Prix TTC moyen constaté : environ 3 à 6 euros pour une boîte de dosettes.
Pommade OTC pour humains avec hydrocortisone 0,5 % (demander au pharmacien) sur les piqures cutanées avec rougeur.
ATTENTION : la diphenhydramine (antihistaminique humain de type Benadryl) est parfois évoquée sur internet pour les animaux, mais son usage chez le chien et le chat sans avis vétérinaire préalable n’est pas recommandé en France. Consultez toujours un professionnel avant d’administrer tout médicament.
QUAND CONSULTER UN VÉTÉRINAIRE EN URGENCE ABSOLUE
Voici les situations où vous ne devez pas attendre et vous rendre immédiatement dans une clinique vétérinaire d’urgence ou appeler le 3115 vétérinaire de nuit :
- Votre animal présente des difficultés respiratoires, une respiration sifflante ou haletante anormale après avoir avalé un insecte.
- Le gonflement du museau ou du cou progresse rapidement en quelques minutes.
- Les gencives ou les muqueuses deviennent pâles, blanches, grises ou bleues.
- Votre animal s’effondre, ne tient plus sur ses pattes, perd connaissance ou convulse.
- Il vomit en continu plus de deux ou trois fois sans pouvoir se stabiliser.
- Votre animal a ingéré ou touché une chenille processionnaire : même sans symptôme grave immédiat, consultez dans les heures qui suivent car les lésions de nécrose peuvent s’aggraver rapidement.
- Votre animal est connu pour des réactions allergiques antérieures.
L’animal est un très jeune chiot ou chaton, un senior ou un animal fragilisé par une maladie chronique.
PRÉVENTION : RÉDUIRE LES RISQUES CET ÉTÉ
La meilleure protection reste la prévention. Quelques gestes simples permettent de réduire les risques :
- Surveillez votre animal dans le jardin en période de forte présence d’insectes, notamment en fin de matinée et en milieu d’après-midi quand les abeilles et guêpes sont les plus actives.
- Ne laissez pas les restes de nourriture sucrée à portée de votre animal à l’extérieur, cela attire guêpes et frelons.
- Vérifiez les zones de votre jardin où des nids de frelons asiatiques pourraient se former, notamment sous les toitures et dans les haies denses.
- Apprenez à reconnaître les processions de chenilles processionnaires au sol et tenez votre chien en laisse dans les zones de pins et de chênes touchées.
- Si votre animal a déjà fait une réaction allergique à une piqûre d’insecte, parlez-en à votre vétérinaire pour anticiper un traitement préventif ou avoir une trousse d’urgence adaptée à domicile.
AVIS VÉTÉRINAIRE ZEPETCOACH : QUELS SONT LES VRAIS DANGERS DES INSECTES ?
En tant que vétérinaire, je vois chaque été de nombreux propriétaires inquiets après que leur animal a croqué un insecte, et je les comprends totalement : l’instinct de protection est naturel.

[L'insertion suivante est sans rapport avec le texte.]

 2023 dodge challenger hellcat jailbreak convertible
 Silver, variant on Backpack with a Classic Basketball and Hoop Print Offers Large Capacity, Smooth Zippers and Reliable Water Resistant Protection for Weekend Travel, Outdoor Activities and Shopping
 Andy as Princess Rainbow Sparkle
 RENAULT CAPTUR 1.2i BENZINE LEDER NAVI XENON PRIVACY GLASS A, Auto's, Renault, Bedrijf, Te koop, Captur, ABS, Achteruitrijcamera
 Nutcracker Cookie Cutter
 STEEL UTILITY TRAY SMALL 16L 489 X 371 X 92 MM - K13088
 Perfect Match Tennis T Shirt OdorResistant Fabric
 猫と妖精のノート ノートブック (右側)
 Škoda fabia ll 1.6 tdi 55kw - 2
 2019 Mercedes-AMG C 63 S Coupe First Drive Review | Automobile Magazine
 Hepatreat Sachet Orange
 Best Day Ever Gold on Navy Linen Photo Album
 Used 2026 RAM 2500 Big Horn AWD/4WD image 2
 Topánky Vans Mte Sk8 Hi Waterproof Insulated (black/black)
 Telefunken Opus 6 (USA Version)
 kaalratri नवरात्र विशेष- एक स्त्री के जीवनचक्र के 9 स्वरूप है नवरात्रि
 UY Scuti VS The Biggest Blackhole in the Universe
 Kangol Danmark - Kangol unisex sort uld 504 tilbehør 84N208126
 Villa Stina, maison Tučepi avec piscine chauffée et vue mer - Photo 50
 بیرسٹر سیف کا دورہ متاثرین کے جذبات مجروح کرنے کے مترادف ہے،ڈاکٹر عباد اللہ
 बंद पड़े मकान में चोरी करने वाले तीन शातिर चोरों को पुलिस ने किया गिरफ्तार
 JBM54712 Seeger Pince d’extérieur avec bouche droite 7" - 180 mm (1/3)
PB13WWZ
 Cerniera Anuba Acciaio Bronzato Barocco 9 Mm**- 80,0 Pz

Dans la très grande majorité des cas, un chien ou un chat qui avale un insecte sans se faire piquer ne court aucun risque réel, et les symptômes éventuels restent bénins et passagers. Ce qui change tout, c’est la piqûre : si l’insecte pique à l’intérieur de la bouche ou de la gorge au moment de l’ingestion, cela peut provoquer un œdème des voies respiratoires qui constitue une urgence vitale, surtout si la réaction allergique est rapide et intense. Mon premier conseil est donc d’observer attentivement votre animal pendant la demi-heure qui suit l’incident, en particulier sa respiration, le gonflement éventuel du museau et son comportement général. Le frelon asiatique et la chenille processionnaire sont les deux menaces que je considère les plus sérieuses en France en cette saison : ne banalisez jamais une exposition à ces espèces, même si votre animal semble aller bien dans un premier temps. En cas de doute, n’attendez pas : une téléconseil vétérinaire permet souvent de faire le tri en quelques minutes entre une surveillance simple à la maison et une urgence qui nécessite de se déplacer immédiatement. Votre vigilance est la meilleure des protections pour votre compagnon.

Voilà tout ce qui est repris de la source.